Caltech-UCSD Birds 200 Dataset


Caltech-UCSD Birds 200 (CUB-200) is an image dataset with photos of 200 bird species (mostly North American). For detailed information about the dataset, please see the technical report 1 linked below.

  • Number of categories: 200

  • Number of images: 6,033

  • Annotations: Bounding Box, Rough Segmentation, Attributes

Annotations Examples



A Colab notebook will be added

How to load this dataset

# Imports
from icevision.all import *
import icedata

# Load the Birds dataset
path = icedata.birds.load_data()

How to parse this dataset

# Get the class_map, a utility that maps from number IDs to classs names
class_map = icedata.birds.class_map()

# Randomly split our data into train/valid
data_splitter = RandomSplitter([0.8, 0.2])

# Birds parser: provided out-of-the-box
parser = icedata.birds.parser(data_dir=path, class_map=class_map)
train_records, valid_records = parser.parse(data_splitter)

# shows images with corresponding labels and boxes
show_records(train_records[:6], ncols=3, class_map=class_map, show=True)

How to load the pretrained weights of this dataset

class_map = icedata.birds.class_map()
model = icedata.birds.trained_models.faster_rcnn_resnet50_fpn()

Dataset folders

Directory Information

  • images/ The images organized in subdirectories based on species.

  • annotations-mat/ Bounding box and rough segmentation annotations. Organized as the images.

  • attributes/ Attribute data from MTurk workers.

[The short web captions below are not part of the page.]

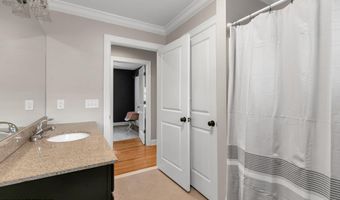 133 Maplewood Ave, Atlantic Highlands, NJ 07716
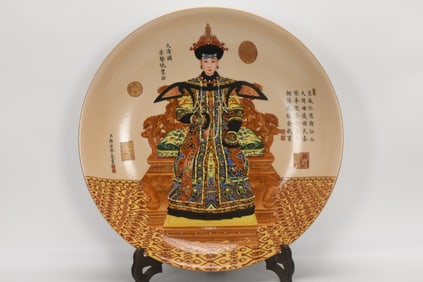 A Exquisite Cream Glaze Famille-Rose Figures Pattern Plate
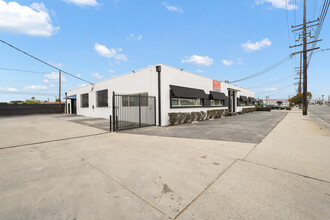 13214 Crenshaw Blvd, Gardena, CA for rent Building Photo- Image 1 of 16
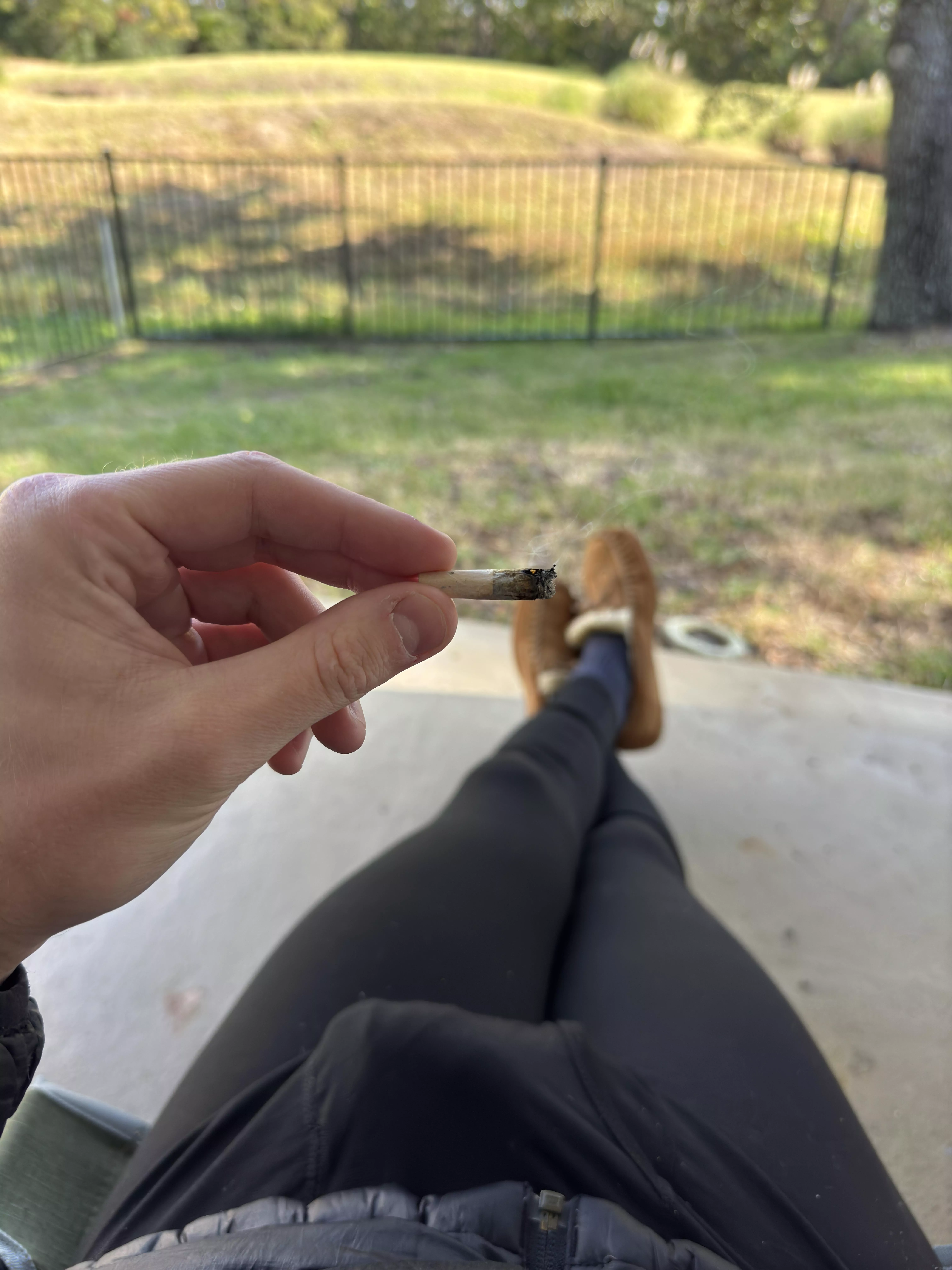 [M]25 too cold to be nude so leggings will have to do posted by SanAntonioSheriff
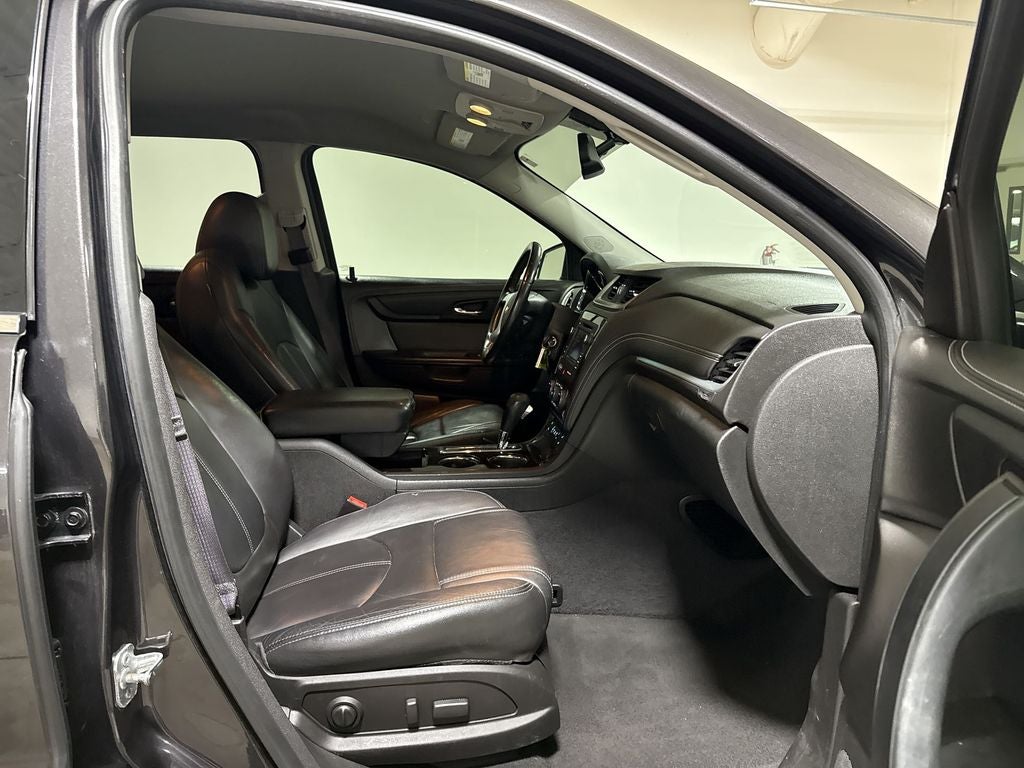 2015 Chevrolet Traverse 2LT 2LT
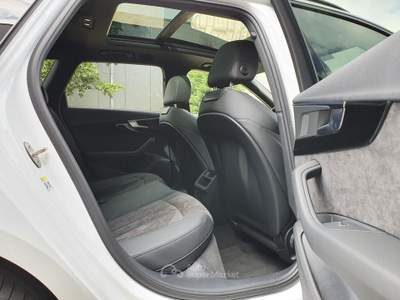 Audi A4 Avant 35 TDi 2x S-Line Virtual Matrix 19'MMi Plus Bianco usata Lequile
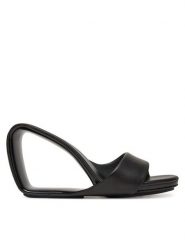 United Nude Klapki Mobius Hi 1000101162 Czarny. Czarne klapki United Nude, bez wzorów, ze skóry, bez obcasa. Za 779.99 zł.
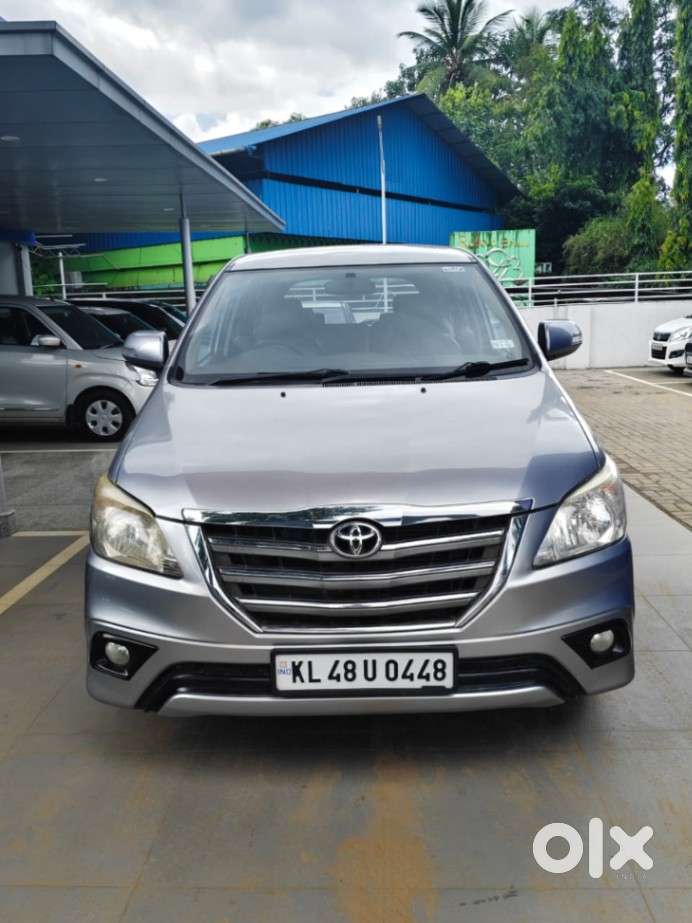 Toyota Innova 2004-2011 2.5 V Diesel 8-seater, 2015, Diesel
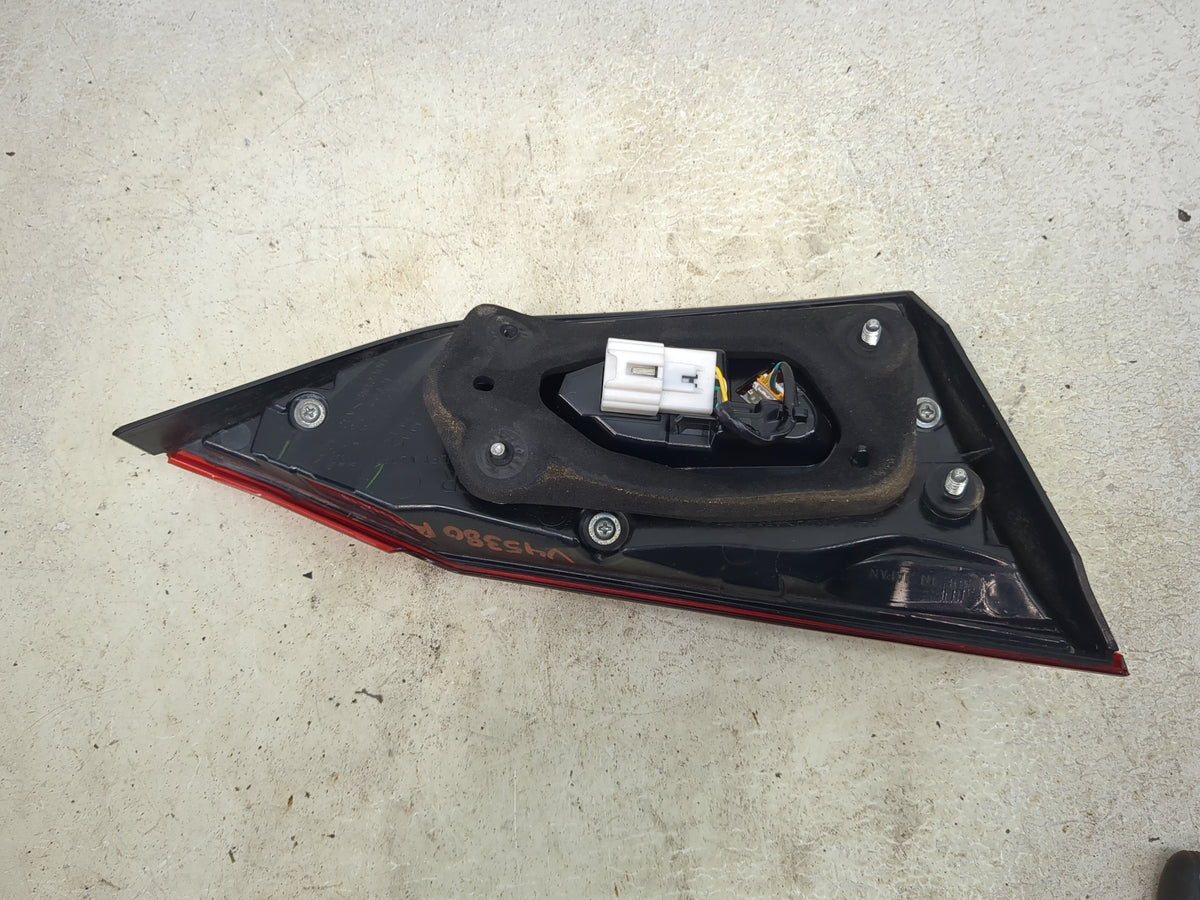 2018-2020 Infiniti Q50 Passenger Right Side Deck Lid Mounted Tail Light - Oemusedautoparts1.com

  • attributes-yaml/ Contains the same attribute data as in 'attributes/' but stored for each file as a yaml file with the same name as the image file.

  • lists/ classes.txt : list of categories (species)

    files.txt : list of all image files (including subdirectories)

    train.txt : list of all images used for training

    test.txt : list of all images used for testing

    splits.mat : training/testing splits in MATLAB .mat format

Annotations sample

It uses MATLAB files. Check out the birds AnnotationParser, BirdMaskFile classes.


Relevant Publications

  1. Caltech-UCSD Birds 200

    Welinder P., Branson S., Mita T., Wah C., Schroff F., Belongie S., Perona, P.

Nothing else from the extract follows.